• **Your objective**: For this exercise, retype the lines from the one that holds "2210 SW 25th St #0 MIAMI, FL 33133" through the one that holds "440 Lonie Ln - Photo 1" in the records below, both included, exactly and without pictures.

• **Task material**:

######

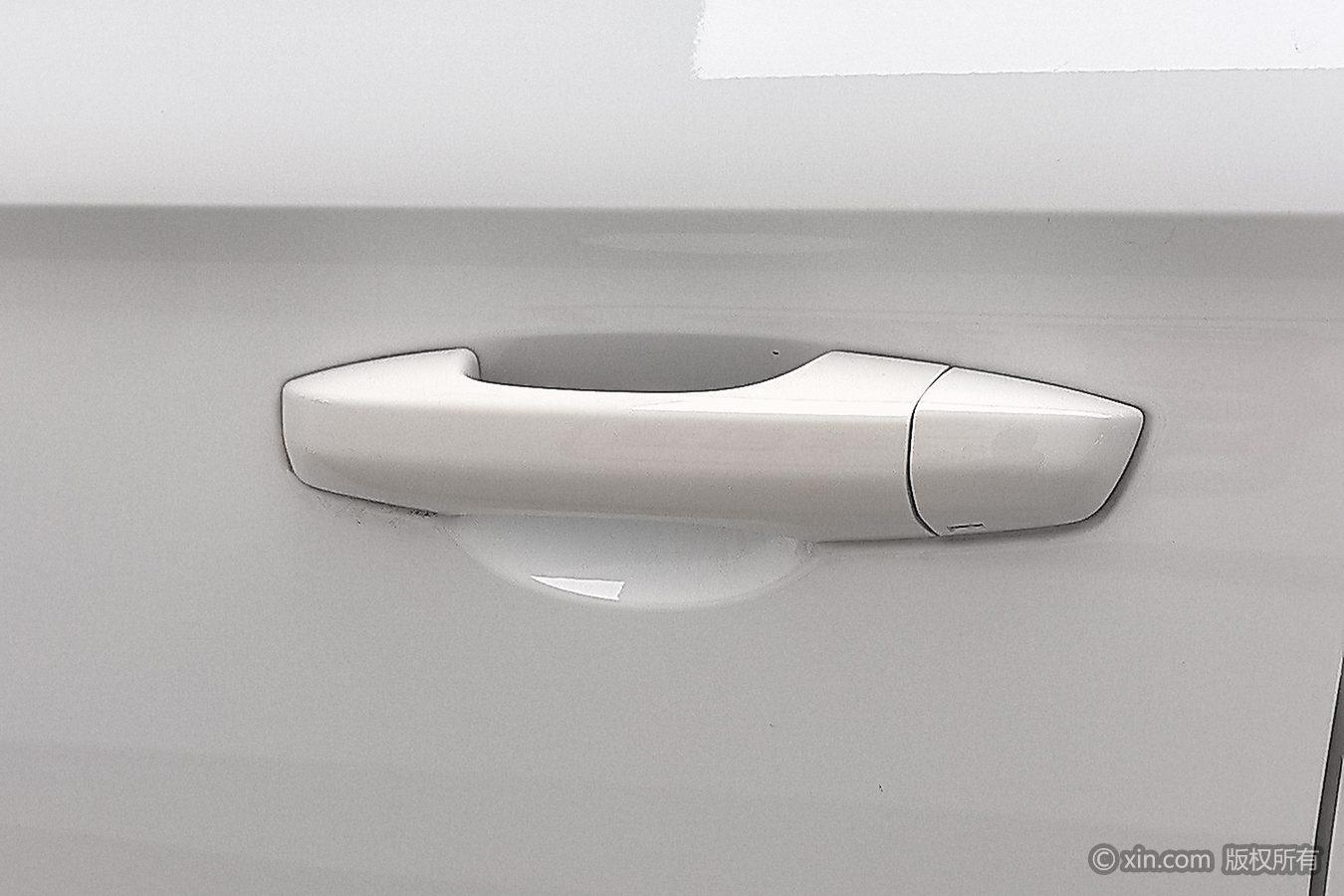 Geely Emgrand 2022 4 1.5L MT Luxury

######

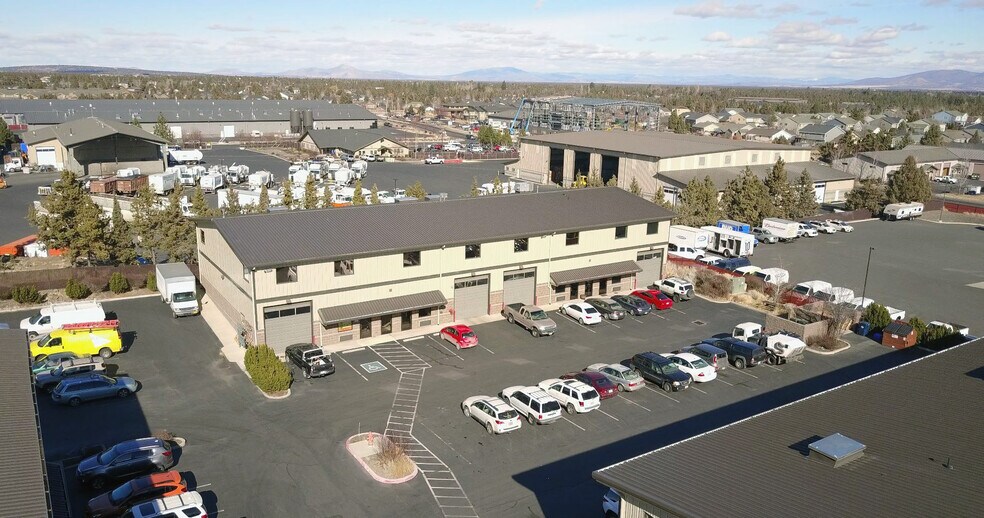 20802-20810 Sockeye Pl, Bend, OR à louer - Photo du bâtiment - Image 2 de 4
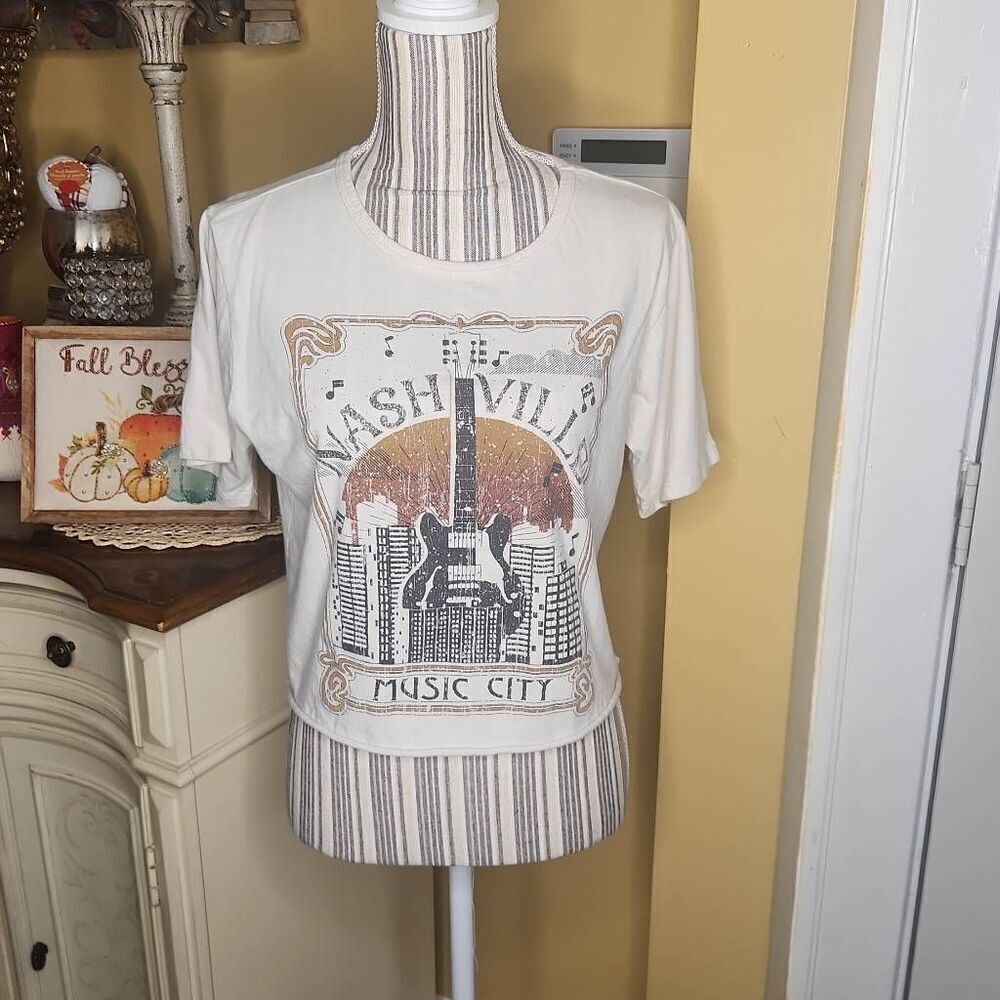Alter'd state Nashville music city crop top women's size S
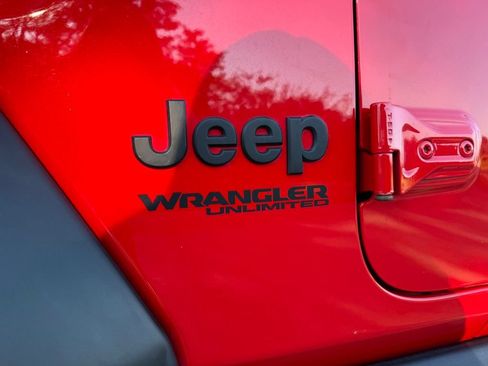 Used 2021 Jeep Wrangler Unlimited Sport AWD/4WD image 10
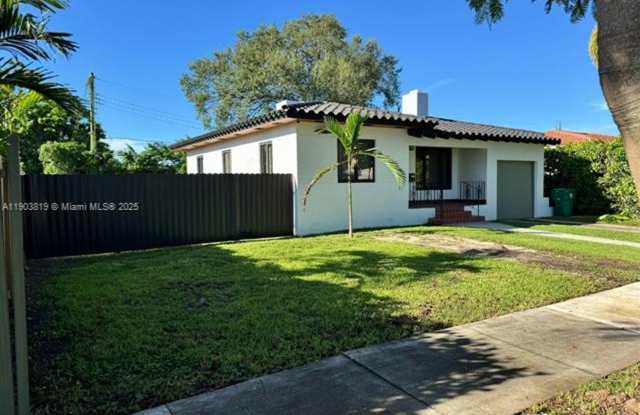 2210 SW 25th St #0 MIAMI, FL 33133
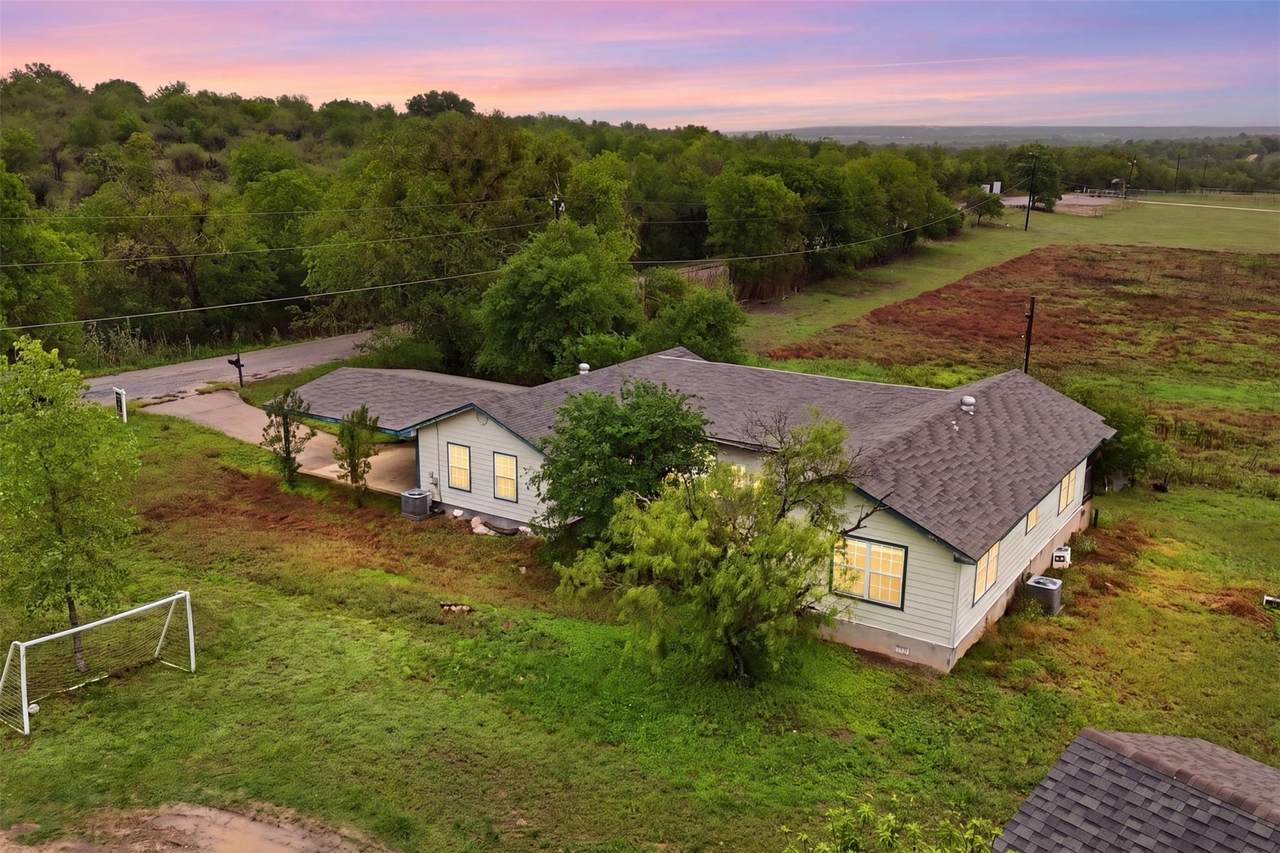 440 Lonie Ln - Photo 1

######

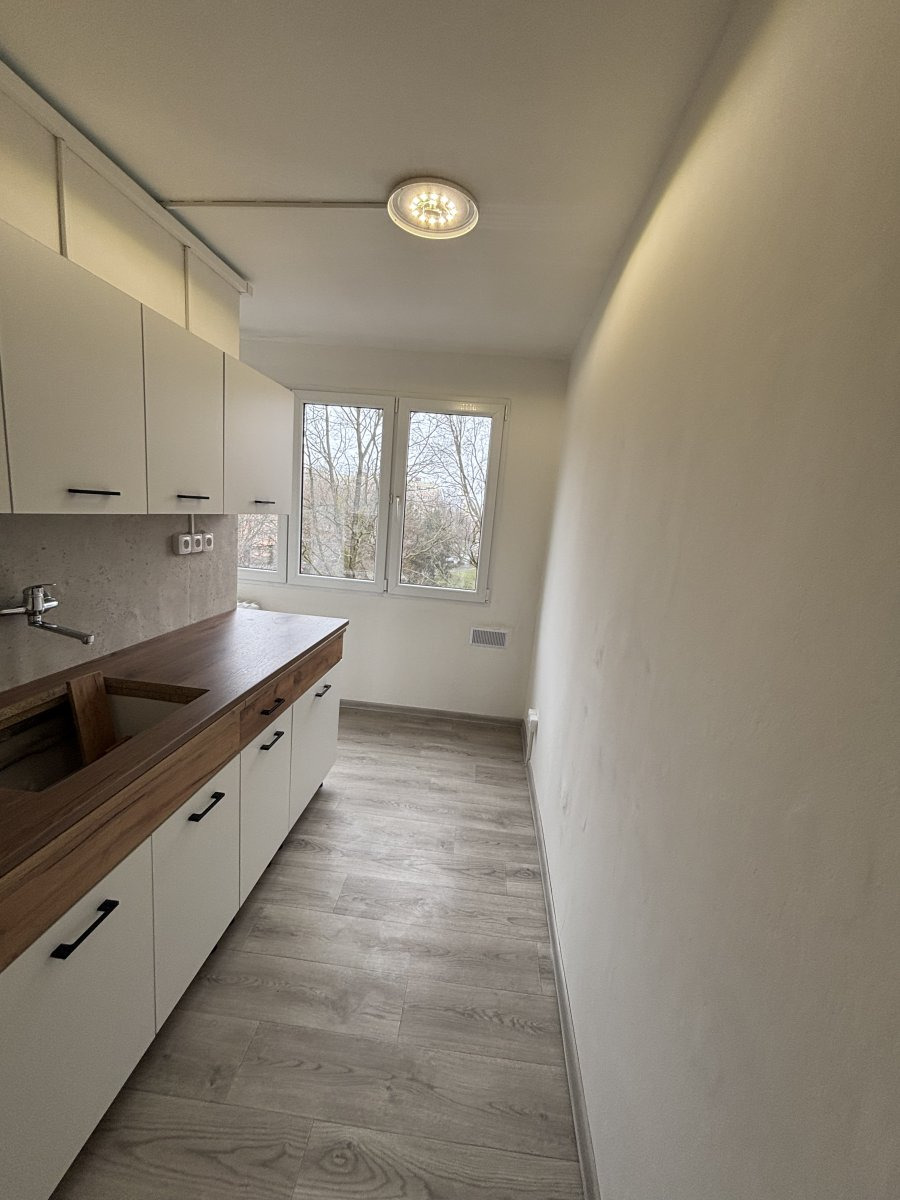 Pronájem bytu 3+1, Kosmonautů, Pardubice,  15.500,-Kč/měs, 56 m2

######

• **Finished exercise**:
 2210 SW 25th St #0 MIAMI, FL 33133
 440 Lonie Ln - Photo 1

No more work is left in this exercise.